Le KGB dans la vallée de la Töss
À cette période, Soljenitsyne se sait surveillé par le KGB, y compris à l’étranger. Mais il ne se doute pas à quel point le renseignement soviétique l’effleure en Suisse. Une réalité apparue lors de la publication, en 1998, des archives Mitrokhine, recueil de notes de la main de l’agent du KGB Vassili Mitrokhine avant son passage en Grande-Bretagne en 1992. Ces documents détaillent l’opération Soljenitsyne, «Pauk» de son nom de code. Il s’agissait non seulement de surveiller de près l’auteur russe, mais aussi de le discréditer à l’Ouest. Des agents ont été placés dans son cercle immédiat: Valentina Holubva et son époux, faux dissidents tchèques entrés en contact dès son arrivée à Zurich, parviendront à se rendre indispensables en lui offrant leurs services.
Dans ses mémoires, Soljenitsyne explique n’avoir eu d’abord aucun soupçon sur la nationalité des deux agents.
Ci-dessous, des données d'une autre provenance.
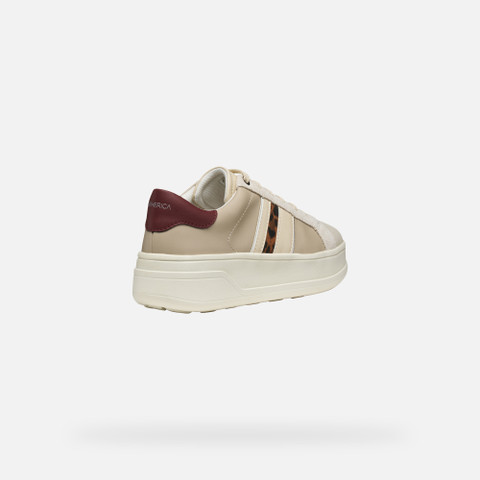 Platform trainers SPHERICA ECUB-2 WOMAN Beige/Dark red - image number 4 | GEOX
Plus tard, il a commencé à se méfier. Toujours selon l’écrivain, l’exil temporaire dans la vallée de la Töss avait aussi pour but de fuir ces personnages louches. À cette époque, l’écrivain s’adresse d’ailleurs à la police, qui se déclare dans l’impossibilité d’assurer sa protection, tout en lui suggérant de garder sous la main deux seaux d’eau, au cas où quelqu’un viendrait dans la nuit bouter le feu à la ferme de Sternenberg…
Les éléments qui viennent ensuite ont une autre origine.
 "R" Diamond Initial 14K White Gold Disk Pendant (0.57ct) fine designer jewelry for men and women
Pendant quelques mois, Soljenitsyne vivra donc en ces lieux avant de retourner en ville de Zurich, où l’agitation s’est essoufflée. C’est dans le Vermont, à Cavendish, qu’il trouvera en définitive un endroit suffisamment isolé à son goût.
Réhabilité en 1990, l’ex-dissident rentrera en Russie quatre ans plus tard. En Occident, le calme sera revenu le concernant. Des interviews et publications de cette époque émane le portrait d’un conservateur et d’un nationaliste, inquiet de l’influence, qu’il juge croissante, de l’OTAN en Europe de l’Est.